What the hard cases demonstrate is that what really lies behind anti-choice sentiment are mistaken views about the motives, intentions and feelings of women who choose abortion. Anti-choice rhetoric abounds with caricatures of women who seek abortions: women who abort because of their careers or their desires to go on ski trips or get into bikinis. The aim of the anti-choice movement is to convince the public to see abortion as proof that too many women hold all the wrong values about motherhood, womanhood and material possessions. That women who choose abortion are, to use Fred Nile’s shorthand, snarling hard-faced pro-abortion feminists.

The fretting of anti-choicers about late-term abortions is part of this strategy. So while anti-choice concern appears to be about the almost-viable foetus, the strategy is really designed to demonstrate the incapacity of women to act as moral agents. What kind of a woman, they ask, could care so little for her baby that she would choose to delay having a termination for so long?

The female, rather than foetal, target of anti-choice rhetoric is summed up well by anti-choice campaigner Margaret Tighe’s wonderment about why a woman seeking a second-trimester abortion doesn’t just ``go on and allow [her] baby to be born – I’m sure the Mafia would be happy to kill it for a much cheaper rate’’.

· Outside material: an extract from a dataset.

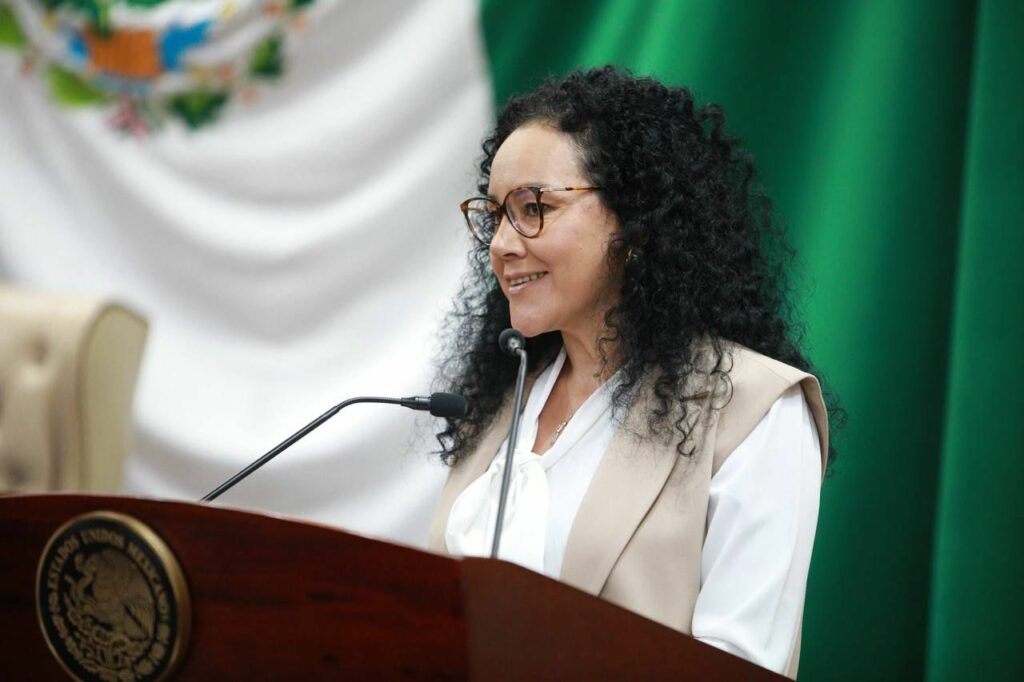 Elimina Congreso lenguaje discriminatorio y promueve la dignidad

The irony is that women’s intense concern for the wellbeing of their foetus and others whom they love and to whom they feel responsible is behind most decisions about unplanned pregnancies. Far from seeing herself as locked in an evolutionary and political conflict of interests with her foetus, the woman sees herself as responsible for her foetus: its protector, and the only person who can make the best and most caring decision about its fate.

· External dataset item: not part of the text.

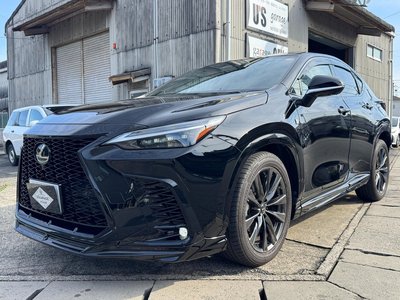 صورة 9 لـ 2022 Lexus NX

A woman doesn’t see her abortion decision as ethically justified because her rights override those of her foetus. She deems it ethical only if she has made a careful, responsible decision to forgo motherhood because she does not believe herself capable of parenting in the way she feels is right. Many of the women in my study, for example, felt strongly that before they had children, they should be financial, have a partner and be ready to take on the responsibilities of parenthood.

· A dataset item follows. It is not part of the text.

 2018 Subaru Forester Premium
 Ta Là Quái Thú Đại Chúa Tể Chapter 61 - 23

Just 5per cent of abortions in Australia take place after 12 weeks’ gestation. Half of these are done after 16 weeks, the vast majority for grief-stricken women with tragic amnio or scan results.

If the anti-choice movement were really interested in reducing second-trimester rates, they would lobby to remove legislative impediments to Australian women accessing RU486. Ten years’ experience in France has shown that when women gain access to the abortion pill, the overall number of abortions remains steady, but more are had earlier in pregnancy.

The anti-choice movement could also put its considerable funds into unearthing and providing all women with access to foetal diagnostic tools that are safe to use earlier in pregnancy, allowing women who terminate because of a heartbreaking diagnosis to do so sooner.

And the movement could lobby for policies that would limit the abuse and ignorance that lead women to delay. An English study recently concluded that nearly all women seeking second-trimester terminations have severe social and psychological problems. Like the 12-year-old girl found to be 26-weeks pregnant by her teacher. Her father in prison, her mother preoccupied with other children (she thought the girl’s weight gain was puppy fat), the girl said she had been raped in the lift of her block of flats. It turned out the alleged rapist was sexually involved with the mother.

But, of course, the anti-choice movement has no intention of doing any of these things – because concern about the viability or rights of the foetus is not really the cause of their anxiety about second-trimester abortions. Second-trimester abortions are simply the emotive fodder used to gain public support for the goal of prohibiting all women from accessing safe and legal abortions at any point.

Behind calls for prohibition is the belief that women so lack moral agency that the state would be justified in stripping them of their reproductive rights, thereby forcing all who conceive to mother.